In 1989, NBC News did a special on race in America, in which it interviewed a young Donald Trump, who was then a couple of years younger than I am now.
“A well-educated black has a tremendous advantage over a well-educated white in terms of the job market,” he said. “And I think a black sometimes may think that they don’t really have the advantage, or this or that, but in actuality, today, currently, it’s a, it’s a great — I’ve said on more than one occasion, even about myself, if I were starting off today, I would love to be a well-educated black because I really believe that they do have an actual advantage today.”
I was a second-year college student at the time, striving, I guess, to become one of those “well-educated blacks,” completely unaware that the man who just months earlier had taken out full-page ads in New York City newspapers demanding the death penalty for the Central Park Five was pretending to covet my burgeoning position in society.
But of course, Trump was incredulous of his own comment, notable from the way he began to smirk as he mouthed the words “I would love to be a well-educated black.” It wasn’t sincerity but sarcasm.
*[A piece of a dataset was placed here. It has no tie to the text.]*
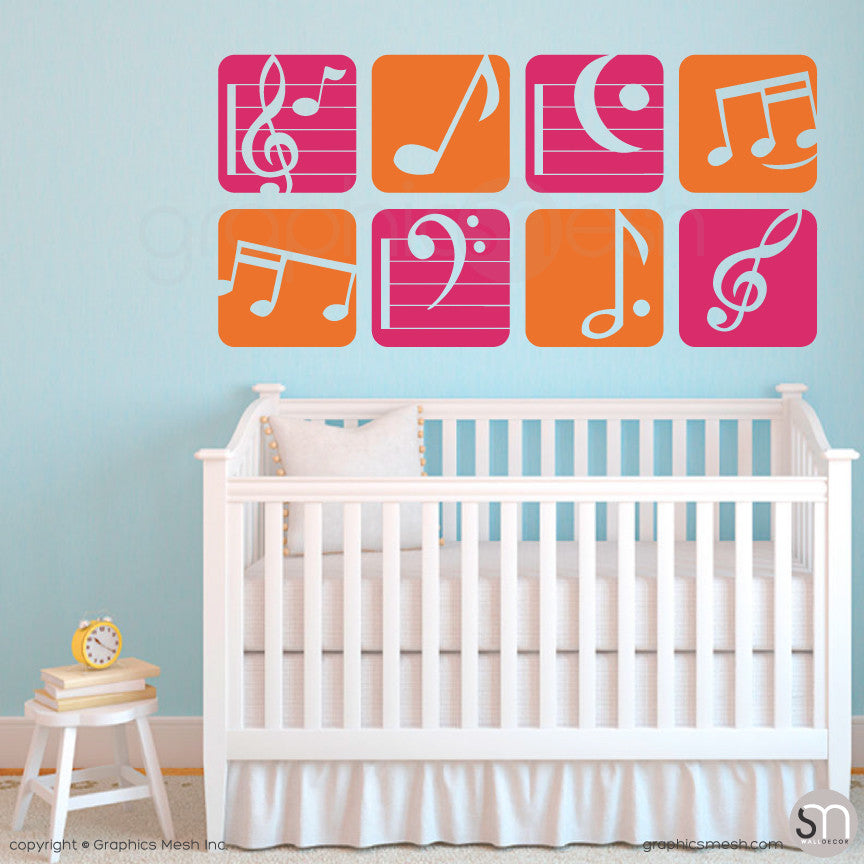 MUSIC NOTES BOXED - Wall Decals orange and hot pink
It was a way of making a point, not about jealousy but about resentment. It was a way of damning with faint praise the idea that the inviolable dominance of white male privilege in America was entering a period in which not every shred of advantage would redound to white men, even if a vast majority still did.
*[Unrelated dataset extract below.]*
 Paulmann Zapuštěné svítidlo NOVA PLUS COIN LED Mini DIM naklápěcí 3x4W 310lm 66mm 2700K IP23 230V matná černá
Trump was attempting to express a white male anger and anxiety as made-for-television profundity and witticism. It would in many ways foretell a strategy that worked well for him decades later when he ran for president.
Trump’s ability to completely embody and effectively project the petrifying fear young white men feel about the erosion of their privilege is a large part of the reason he is president today.
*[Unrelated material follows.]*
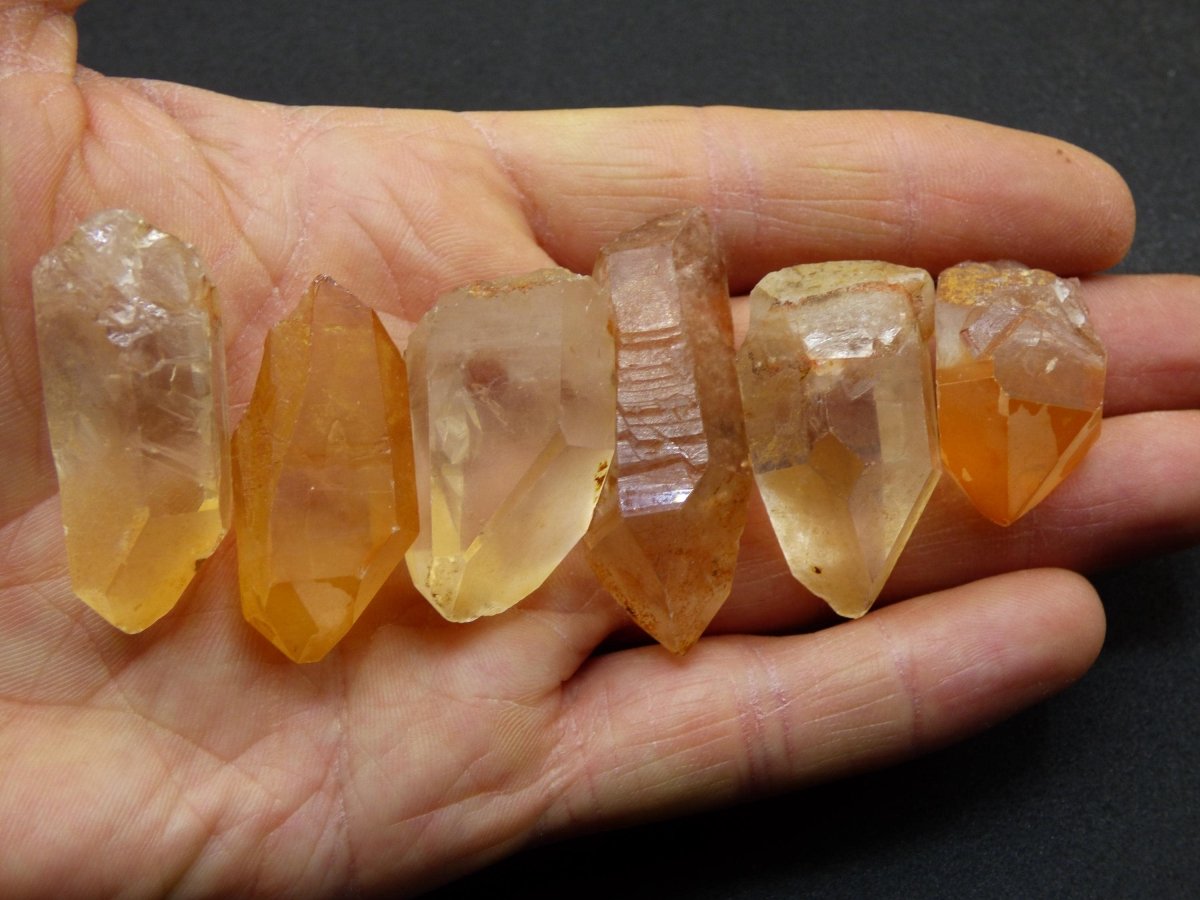 Tangerine Quarz SET - Spitzen Sammler Stufen Rarität Edelstein Deko Kristall Heilstein Mineral Energie Natur Meditation HIPPIE Makramee - Art of Nature Berlin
A new study published this week in the Proceedings of the National Academy of Sciences found what other studies have found: Support for Trump was largely motivated by white fear of displacement from dominance.
As the study put it:
“White Americans’ declining numerical dominance in the United States together with the rising status of African Americans and American insecurity about whether the United States is still the dominant global economic superpower combined to prompt a classic defensive reaction among members of dominant groups.”
This new study dovetails with an analysis of millennial Trump voters published last year in The Washington Post: “First, white millennial Trump voters were likely to believe in something we call ‘white vulnerability’ — the perception that whites, through no fault of their own, are losing ground to other groups. Second, racial resentment was the primary driver of white vulnerability — even when accounting for income, education level or employment.”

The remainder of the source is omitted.